War of the Rebellion: Serial 015 Page 0154 OPERATIONS IN N. VA., W. VA., AND MD. Chapter XXIV.

Search Civil War Official Records

APPENDIX.

A.

HEADQUARTERS FIRST CORPS, ARMY OF VIRGINIA,

Buckland Bridge, Va., August 27, 1862-11.40.

Major-General MCDOWELL,

Commanding Third Corps:

I have drive the enemy's cavalry, which was one mile this side of the bridge, from the bridge. The bridge had been set on fire, which was extinguished, and I am now in possession of the same. Two pieces of artillery have been posted this side of the bridge. The brigade of General Milroy is now crossing. The enemy had some cavalry and one piece of artillery shown on the opposite side of the creek. The bridge will be repaired at once by my pioneers.

Respectfully, yours,

F. SIGEL,

Major-General.

B.

HEADQUARTERS,

Buckland Bridge, August 27-12.30 p. m.

Major-General MCDOWELL:

GENERAL: I am not farther yet than at and over the bridge. Some troops of General Milroy have passed it. The firing of yesterday and to-day is said to have been at Manassas. This is said by all whom I have met and examined. It is also in accordance with all other information.

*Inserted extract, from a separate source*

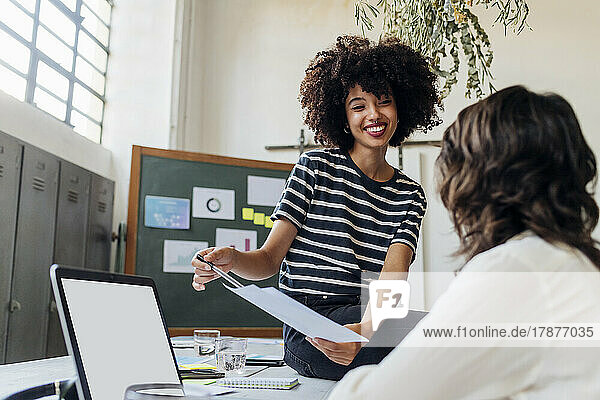 Smiling businesswoman explaining report to colleague at office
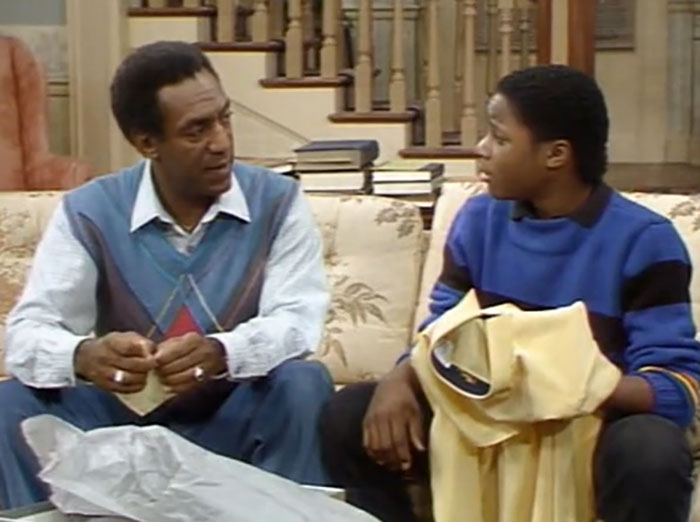 Bill Cosby and Malcolm-Jamal Warner sitting on a couch in a scene from The Cosby Show discussing family matters. - 12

If we concentrate quickly at Gainesville, or near Gainesville, put all our disposable forces, with the exception of a few at the Rappahannock, we have the only and best chance to defeat the enemy's plans and his army. We have several means and ways to operate from here. Jackson may be at manassas or elsewhere. We should all be here to-night and press forward to-morrow at daybreak.

Yours, respectfully,

F. SIGEL,

Major-General, Commanding First Corps.

P. S.-Please send me to-night without fail my cavalry (Fourth New York, Sixth Ohio, and Ninth New York), and my regimental provision wagons, which I have ordered to Catlett's Station.

C.

HEADQUARTERS FIRST CORPS, ARMY OF VIRGINIA,

Buckland Bridge, August 27, 1862-1.50 p. m.

Major-General MCDOWELL,

Commanding Third Corps:

The brigade of General Milroy has advanced and is now 2 miles beyond the bridge, after the enemy had made an attempt to burn the bridge. He is directed to push his cavalry on to Gainesville and then take position on the fork to Thoroughfare Gap. General Milroy observed a train, which leaves no doubt that this is the enemy's rear guard which I have before me, and believe that the enemy is at Manassas by this time, and has beaten our forces there, and to proceed from there to Alexandria to destroy our depots.